If the RBI accepts the IBAs recommendation, then banks will not be able to lend below the base
rate as it will not be viable, said Mr Unnikrishnan on the sidelines of the IBA banking technology
seminar.
Varying rates
Banks will need to add their operational costs to the base rate for lending. So the rates could vary
across segments. For example, retail and SME segment lending have comparatively higher
operational costs compared to the corporate segment. The base rate is expected to vary from
bank to bank.
Currently, banks are arriving at the BPLR by adding up the cost of funds, risk premium, capital
charge and a profit mark up. But once the base rate methodology is embraced, then banks with
large current account and savings bank account (CASA) will be at an advantage, said a senior
banker.
The system of BPLR, according to the RBI, has evolved in such a manner that it has lost its
relevance as a meaningful reference rate as bulk of the loans are advanced below BPLR.
Non-transparent
Further, this impedes the smooth transmission of monetary signals and makes the loan pricing
system non-transparent. Hence, the RBI, in June 2009, set up a committee to review the BPLR
system and suggest changes to make credit pricing more transparent, the policy proposed
constitution of a working group on BPLR.

The RBI is of the view that movement in the BPLRs does not fully and accurately reflect the
changes in effective lending rates as nearly two-thirds of banks lending takes place at sub-BPLR
rates.
The RBIs discussions with banks reveal ample liquidity in the system and the subdued demand
for bank credit have increased the competitive pressure on them to lend at sub-BPLR rates.

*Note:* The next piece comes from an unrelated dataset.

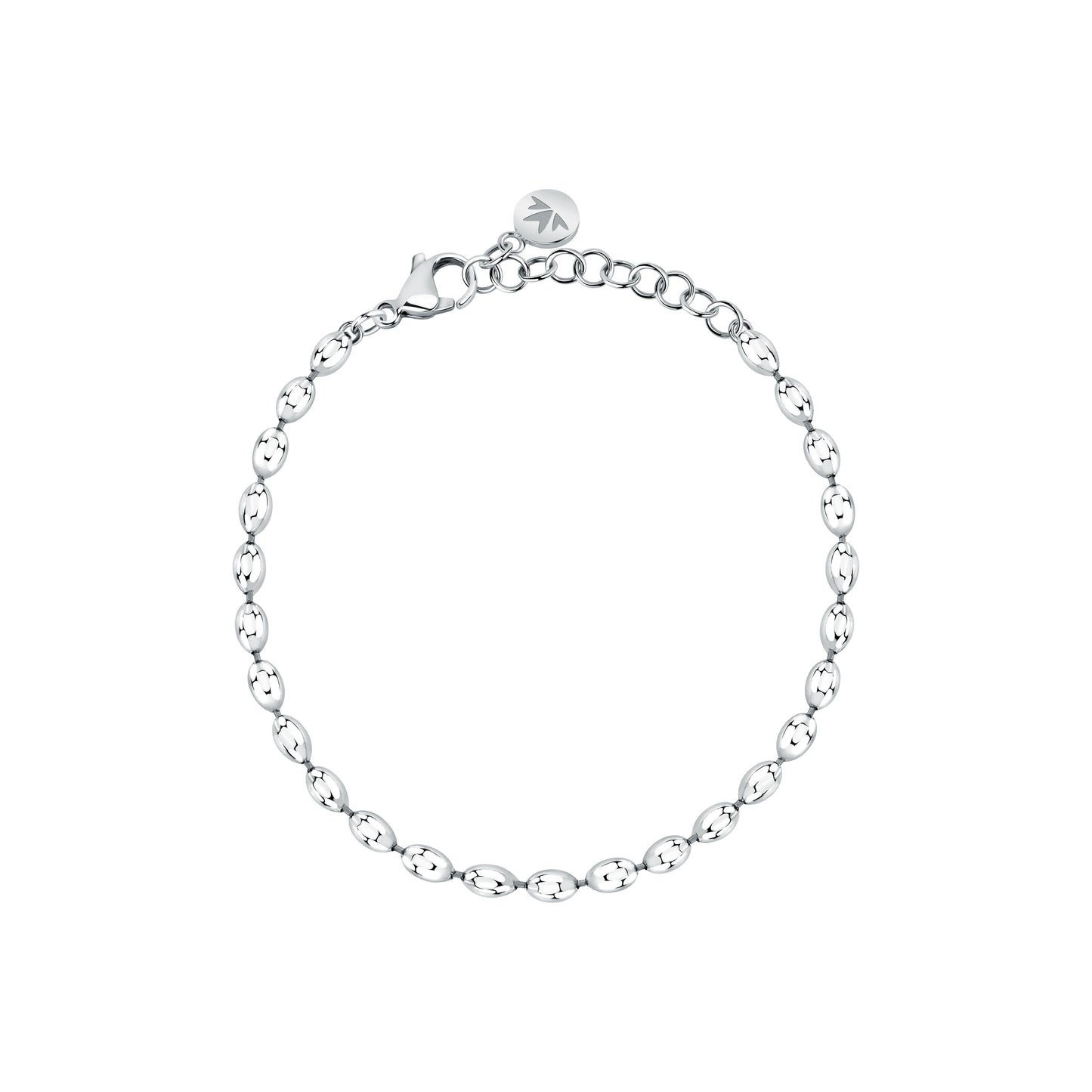 MORELLATO INTRECCI SAZC15 Women's Bracelet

Rough estimates show that the effective average lending rate for the scheduled commercial banks
has declined from 12.3 per cent in March 2008 to 11.1 per cent by March 2009. In effect, the
BPLRs of banks have turned out to be the maximum lending rates in most cases, distorting their
information content.
The committee is expected to submit its report on October 16.
The draft has been prepared and is being fine-tuned, Mr Unnikrishnan said.